Another group of lower level characters once rescued a woman from some ogres. She was very grateful and willing to share her favors with the willing. A few of them took her to bed and got the Ogre Clap.
That same group is defending a town from various evil beings. Some of the townspeople don’t like them because a portion of the town burned down in a fight with a dragon. They have to deal with people who accuse them of bringing bad times to the town or try to cheat them or whine that everyone is doomed. Be creative.

Thank you :slight_smile: That’s exactly how I feel about the higher-level game… it’s up to the DM to get more creative, not simply succumb to the players’ increase powers.

Agreed. And they seemed to vary that in every book, so that depending on edition and revision and class/subclass, you were a Magic-ser, Mage, Wizard, some kind of speciliast, or whatever.

Those were always optional.

That may be your house-rule, but it was a significant point. If a wizard was interrupted during a long casting sequence a spell it automatically failed. There was no chance to keep it.

Spells often had rules on how they actually “took place” inside the game world.

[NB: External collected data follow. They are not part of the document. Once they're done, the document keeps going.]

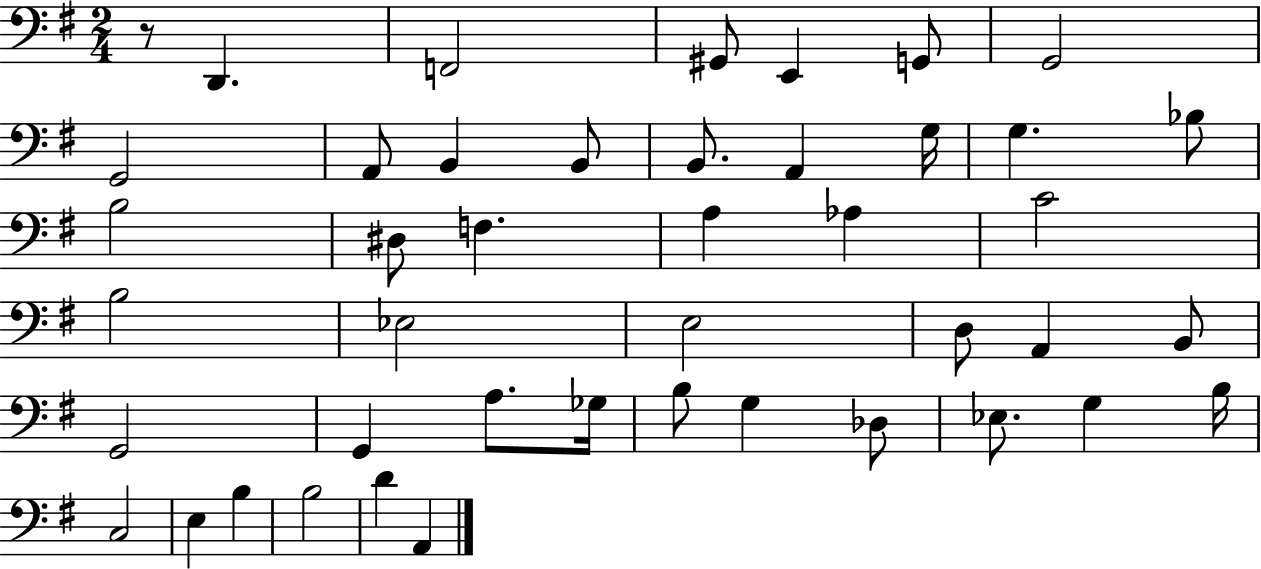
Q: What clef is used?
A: bass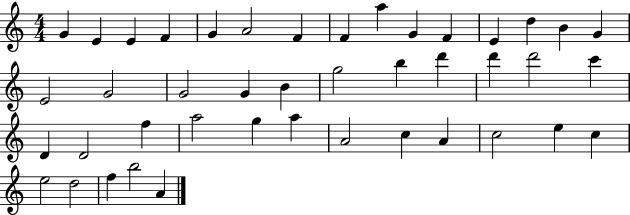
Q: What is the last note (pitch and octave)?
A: A4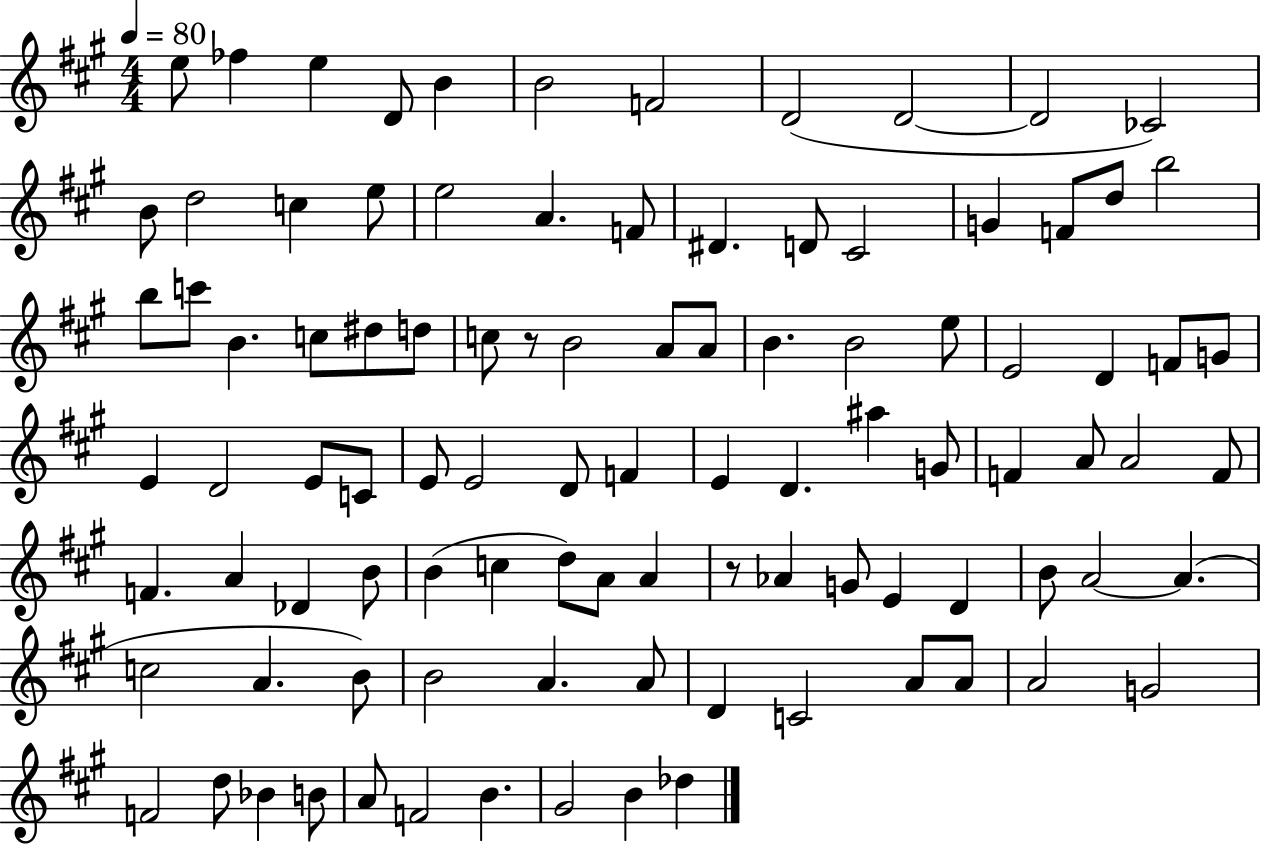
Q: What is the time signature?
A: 4/4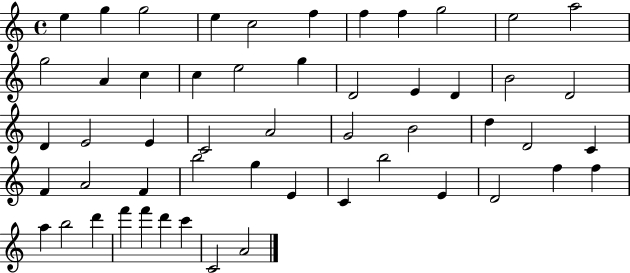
E5/q G5/q G5/h E5/q C5/h F5/q F5/q F5/q G5/h E5/h A5/h G5/h A4/q C5/q C5/q E5/h G5/q D4/h E4/q D4/q B4/h D4/h D4/q E4/h E4/q C4/h A4/h G4/h B4/h D5/q D4/h C4/q F4/q A4/h F4/q B5/h G5/q E4/q C4/q B5/h E4/q D4/h F5/q F5/q A5/q B5/h D6/q F6/q F6/q D6/q C6/q C4/h A4/h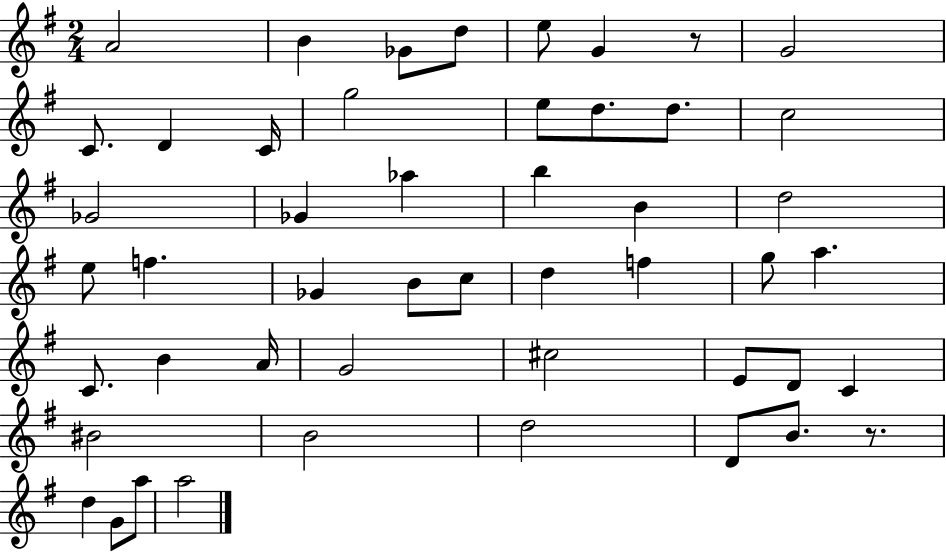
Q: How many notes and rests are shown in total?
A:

It was often possible to use these to stop or fiddle with a powerful spell. Additionally, the nature of the game world was less mechanical than 3rd edition, in that basically anything reasonable was expected to work. Shapechange is a good example, as if you knew how the spell workied and could find the magical gem being used in it, you could instantly cancel the effect (and leave the wizard using it in deep, deep trouble).

It wasn’t all that easy, but magic armor was frequently the only protection you could get; contrast to 3rd edition, where there are numerous forms of protection and armor is arguably the weakest.

No; I’m pointing out that it’s something of an extension of the problem. If you start ignoring the written weaknesses of wizards (and often other spellcasters), they can go way out of control.

Casting a spell required one time unit per “casting time” of the spell, which it was almost always equal to the spell level. Want to cast Meteor Swarm (a 9th level spell, for those who may know DnD)? Even if you had luck and got a good intiative, you were likely to act last, and invite everybody to kick you in the groin before you got it off.